An Alarm Management Program for the Future. This approach is similar to the Six Sigma program: First the problem and objective are defined, then the current state is measured and analyzed, action is taken to improve the situation, and finally the situation is automatically monitored to control or sustain improvement.

This approach helps to produce a self-sustaining alarm management competency within the organization, and to bring the initial benefits of alarm management as quickly as possible:

  1. Create an alarm philosophy. Define the purpose of each type of alarm or message that is issued by an automated system. Specify the criteria for each priority, for hardware alarms and for when an alarm is needed at all. Best practices in this area include integrated risk measures and addressing human factors and cognitive limitations of human operators.
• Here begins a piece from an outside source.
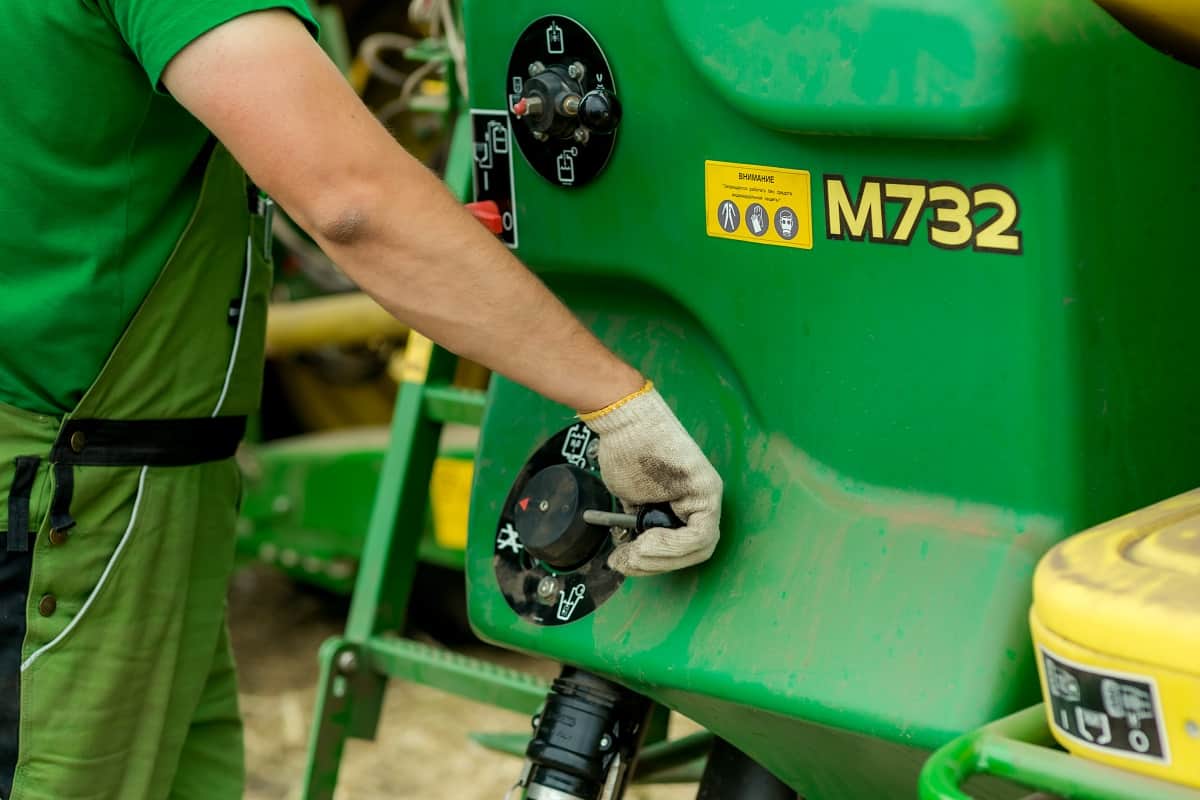 Homem fazendo manutenção em um trator verde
    Define other alarm management policies, such as business rules governing alarm changes, inhibiting or suppressing of alarms, expectations of operators, and so on. This step produces a document that clearly defines the objectives of the alarm system and ground rules for its implementation.
  2. Benchmark alarm performance. Assess the actual current state. This provides useful data for the following analyses, and also provides a benchmark of the original state of the organization. Capture HMI alarms and events, track changes and display original engineered values compared to what is on the HMI/PLC with master alarm database provided by solutions such as the Matrikon Alarm Manager from Matrikon, Inc., a participating Encompass™ Product Partner in the Rockwell Automation PartnerNetwork™.
  3. Decide which areas require rationalization. Alarm rationalization, or alarm objectives analysis (AOA), is a procedure in which each alarm is examined to ensure it conforms to the alarm philosophy. During this process, many alarms are eliminated, others have their priorities changed, and still others have their trip points altered. The process can be time-consuming, so it's best to start in those parts of the plant that have the worst problems with alarms.
  4. Implement an alarm configuration system. After choosing a starting point, implement a database to collect, retain, control and present the information collected during the AOA process. This database will form both the change management system and the online operator assistance.
  5. Commit resources. This team will need to work together for several weeks, so free them of most of their other responsibilities for the duration of the analysis. Form a team consisting of:
    • A facilitator, familiar with the AOA process and with alarm analysis. At least one area operator, preferably two.
    • The area process engineer.
    • The area production supervisor.
    • An area instrumentation technician.
  6. Conduct AOA meetings. Use analysis reports as evidence of problems or situations. Review the configured alarms and answer several questions about actual alarm occurrence and the purpose for the alarm. For example:
    • Possible causes for the alarm, whether legitimate (providing information), spurious (misleading or nuisance) or redundant (telling the operator something he already knows).
    • The procedure to identify the cause and thus validate the alarm.
    • The procedure to mitigate the different causes.
    • The time frame in which the operator has to respond, before an undesirable consequence occurs.
    • The follow-up action required to verify that the procedure was effective.
    • The historical frequency at which the alarm occurred, and how many occurrences were spurious or redundant.
    • The final alarm trip point and priority.
    During the AOA process, also consider alarms that don't exist, but should.
  7. Reconfigure HMI. Implement the changes from an AOA carefully; don't do it piecemeal. An AOA results in an alarm system that is designed to alert, inform and guide the operator. The set of alarm configurations work together to define the boundaries of normal operation — if AOA configurations are made piecemeal, some alarms may be removed before alarms intended to replace them have been configured. In that case, the plant will be less safe.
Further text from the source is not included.